** Opening RECORDS block **
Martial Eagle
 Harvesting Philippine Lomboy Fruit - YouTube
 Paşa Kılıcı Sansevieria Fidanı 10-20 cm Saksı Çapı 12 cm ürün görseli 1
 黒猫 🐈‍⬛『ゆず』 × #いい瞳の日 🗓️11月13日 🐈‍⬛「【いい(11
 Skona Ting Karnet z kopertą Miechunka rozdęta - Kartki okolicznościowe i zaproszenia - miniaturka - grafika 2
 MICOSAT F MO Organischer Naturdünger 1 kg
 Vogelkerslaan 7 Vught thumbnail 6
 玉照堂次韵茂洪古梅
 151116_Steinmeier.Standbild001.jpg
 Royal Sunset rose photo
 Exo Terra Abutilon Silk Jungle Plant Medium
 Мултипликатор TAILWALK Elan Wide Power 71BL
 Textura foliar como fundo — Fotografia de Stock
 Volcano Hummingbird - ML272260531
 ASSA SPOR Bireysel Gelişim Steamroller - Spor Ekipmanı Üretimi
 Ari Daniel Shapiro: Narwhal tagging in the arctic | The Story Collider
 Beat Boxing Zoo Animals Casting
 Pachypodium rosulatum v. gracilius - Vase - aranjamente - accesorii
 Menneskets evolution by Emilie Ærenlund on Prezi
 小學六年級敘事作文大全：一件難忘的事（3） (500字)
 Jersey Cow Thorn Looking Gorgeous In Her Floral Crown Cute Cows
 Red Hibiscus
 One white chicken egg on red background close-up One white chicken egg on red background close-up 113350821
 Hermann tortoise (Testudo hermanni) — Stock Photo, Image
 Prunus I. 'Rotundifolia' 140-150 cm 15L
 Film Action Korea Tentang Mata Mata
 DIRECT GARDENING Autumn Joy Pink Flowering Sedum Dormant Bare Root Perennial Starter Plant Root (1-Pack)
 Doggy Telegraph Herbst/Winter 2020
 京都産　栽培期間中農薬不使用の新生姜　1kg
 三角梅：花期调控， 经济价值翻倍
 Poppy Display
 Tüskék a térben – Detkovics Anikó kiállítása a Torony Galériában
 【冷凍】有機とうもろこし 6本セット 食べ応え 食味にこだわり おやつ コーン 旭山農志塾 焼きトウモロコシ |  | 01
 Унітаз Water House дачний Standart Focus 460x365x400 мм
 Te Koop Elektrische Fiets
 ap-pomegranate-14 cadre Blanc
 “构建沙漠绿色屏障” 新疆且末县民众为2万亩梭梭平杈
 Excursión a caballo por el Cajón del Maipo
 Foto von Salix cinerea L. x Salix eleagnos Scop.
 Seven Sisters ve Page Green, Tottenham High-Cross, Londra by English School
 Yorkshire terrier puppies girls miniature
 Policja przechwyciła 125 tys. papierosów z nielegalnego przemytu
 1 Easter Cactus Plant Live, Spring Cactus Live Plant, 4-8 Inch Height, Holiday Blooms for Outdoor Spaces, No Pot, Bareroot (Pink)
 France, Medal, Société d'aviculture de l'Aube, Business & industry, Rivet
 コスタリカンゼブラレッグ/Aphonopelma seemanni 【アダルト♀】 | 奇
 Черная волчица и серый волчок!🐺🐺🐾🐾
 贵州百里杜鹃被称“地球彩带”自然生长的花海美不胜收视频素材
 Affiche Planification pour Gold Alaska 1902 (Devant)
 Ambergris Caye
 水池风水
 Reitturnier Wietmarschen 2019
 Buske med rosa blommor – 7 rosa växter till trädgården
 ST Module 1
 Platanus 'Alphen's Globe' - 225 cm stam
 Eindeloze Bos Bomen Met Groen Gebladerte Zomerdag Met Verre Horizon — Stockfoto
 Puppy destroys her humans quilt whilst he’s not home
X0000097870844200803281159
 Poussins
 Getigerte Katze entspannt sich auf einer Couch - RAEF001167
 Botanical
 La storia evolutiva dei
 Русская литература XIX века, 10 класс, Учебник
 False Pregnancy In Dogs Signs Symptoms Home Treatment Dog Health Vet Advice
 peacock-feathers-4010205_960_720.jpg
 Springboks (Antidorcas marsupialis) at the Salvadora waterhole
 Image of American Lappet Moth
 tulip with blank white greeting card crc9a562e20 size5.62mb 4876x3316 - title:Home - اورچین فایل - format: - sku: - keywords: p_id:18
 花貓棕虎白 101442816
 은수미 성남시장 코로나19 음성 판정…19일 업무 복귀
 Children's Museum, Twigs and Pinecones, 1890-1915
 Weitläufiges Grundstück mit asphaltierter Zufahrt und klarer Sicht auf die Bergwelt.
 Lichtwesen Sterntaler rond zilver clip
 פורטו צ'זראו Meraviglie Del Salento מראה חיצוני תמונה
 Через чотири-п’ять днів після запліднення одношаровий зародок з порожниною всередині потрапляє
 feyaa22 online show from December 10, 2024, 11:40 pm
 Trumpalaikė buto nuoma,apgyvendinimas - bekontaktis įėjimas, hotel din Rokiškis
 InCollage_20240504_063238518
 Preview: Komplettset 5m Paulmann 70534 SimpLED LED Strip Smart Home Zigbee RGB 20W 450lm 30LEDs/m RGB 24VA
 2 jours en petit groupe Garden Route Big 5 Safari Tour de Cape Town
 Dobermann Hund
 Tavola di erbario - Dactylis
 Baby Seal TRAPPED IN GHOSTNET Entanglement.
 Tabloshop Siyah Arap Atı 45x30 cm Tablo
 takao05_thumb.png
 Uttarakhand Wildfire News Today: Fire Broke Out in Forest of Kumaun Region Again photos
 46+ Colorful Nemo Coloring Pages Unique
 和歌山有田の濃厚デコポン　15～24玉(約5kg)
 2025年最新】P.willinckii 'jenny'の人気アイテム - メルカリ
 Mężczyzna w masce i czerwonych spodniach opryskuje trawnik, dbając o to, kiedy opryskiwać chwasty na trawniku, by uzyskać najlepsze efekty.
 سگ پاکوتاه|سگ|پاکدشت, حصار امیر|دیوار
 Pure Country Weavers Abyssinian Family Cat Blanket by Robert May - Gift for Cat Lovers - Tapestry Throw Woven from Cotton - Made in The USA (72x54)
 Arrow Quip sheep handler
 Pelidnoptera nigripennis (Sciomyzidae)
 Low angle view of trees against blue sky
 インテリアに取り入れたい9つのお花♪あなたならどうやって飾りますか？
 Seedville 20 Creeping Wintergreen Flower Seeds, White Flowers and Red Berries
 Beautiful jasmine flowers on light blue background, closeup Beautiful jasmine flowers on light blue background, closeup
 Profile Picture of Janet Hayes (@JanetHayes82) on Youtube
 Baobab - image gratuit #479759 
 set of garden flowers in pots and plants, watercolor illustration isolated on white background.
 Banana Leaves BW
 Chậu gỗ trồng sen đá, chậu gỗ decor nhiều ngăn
** Closing RECORDS block **
Take the lines from the first line of the records through the line holding "Policja przechwyciła 125", both included, and please reproduce them exactly with nothing added.

RESULT FOR THIS TASK>
Martial Eagle
 Harvesting Philippine Lomboy Fruit - YouTube
 Paşa Kılıcı Sansevieria Fidanı 10-20 cm Saksı Çapı 12 cm ürün görseli 1
 黒猫 🐈‍⬛『ゆず』 × #いい瞳の日 🗓️11月13日 🐈‍⬛「【いい(11
 Skona Ting Karnet z kopertą Miechunka rozdęta - Kartki okolicznościowe i zaproszenia - miniaturka - grafika 2
 MICOSAT F MO Organischer Naturdünger 1 kg
 Vogelkerslaan 7 Vught thumbnail 6
 玉照堂次韵茂洪古梅
 151116_Steinmeier.Standbild001.jpg
 Royal Sunset rose photo
 Exo Terra Abutilon Silk Jungle Plant Medium
 Мултипликатор TAILWALK Elan Wide Power 71BL
 Textura foliar como fundo — Fotografia de Stock
 Volcano Hummingbird - ML272260531
 ASSA SPOR Bireysel Gelişim Steamroller - Spor Ekipmanı Üretimi
 Ari Daniel Shapiro: Narwhal tagging in the arctic | The Story Collider
 Beat Boxing Zoo Animals Casting
 Pachypodium rosulatum v. gracilius - Vase - aranjamente - accesorii
 Menneskets evolution by Emilie Ærenlund on Prezi
 小學六年級敘事作文大全：一件難忘的事（3） (500字)
 Jersey Cow Thorn Looking Gorgeous In Her Floral Crown Cute Cows
 Red Hibiscus
 One white chicken egg on red background close-up One white chicken egg on red background close-up 113350821
 Hermann tortoise (Testudo hermanni) — Stock Photo, Image
 Prunus I. 'Rotundifolia' 140-150 cm 15L
 Film Action Korea Tentang Mata Mata
 DIRECT GARDENING Autumn Joy Pink Flowering Sedum Dormant Bare Root Perennial Starter Plant Root (1-Pack)
 Doggy Telegraph Herbst/Winter 2020
 京都産　栽培期間中農薬不使用の新生姜　1kg
 三角梅：花期调控， 经济价值翻倍
 Poppy Display
 Tüskék a térben – Detkovics Anikó kiállítása a Torony Galériában
 【冷凍】有機とうもろこし 6本セット 食べ応え 食味にこだわり おやつ コーン 旭山農志塾 焼きトウモロコシ |  | 01
 Унітаз Water House дачний Standart Focus 460x365x400 мм
 Te Koop Elektrische Fiets
 ap-pomegranate-14 cadre Blanc
 “构建沙漠绿色屏障” 新疆且末县民众为2万亩梭梭平杈
 Excursión a caballo por el Cajón del Maipo
 Foto von Salix cinerea L. x Salix eleagnos Scop.
 Seven Sisters ve Page Green, Tottenham High-Cross, Londra by English School
 Yorkshire terrier puppies girls miniature
 Policja przechwyciła 125 tys. papierosów z nielegalnego przemytu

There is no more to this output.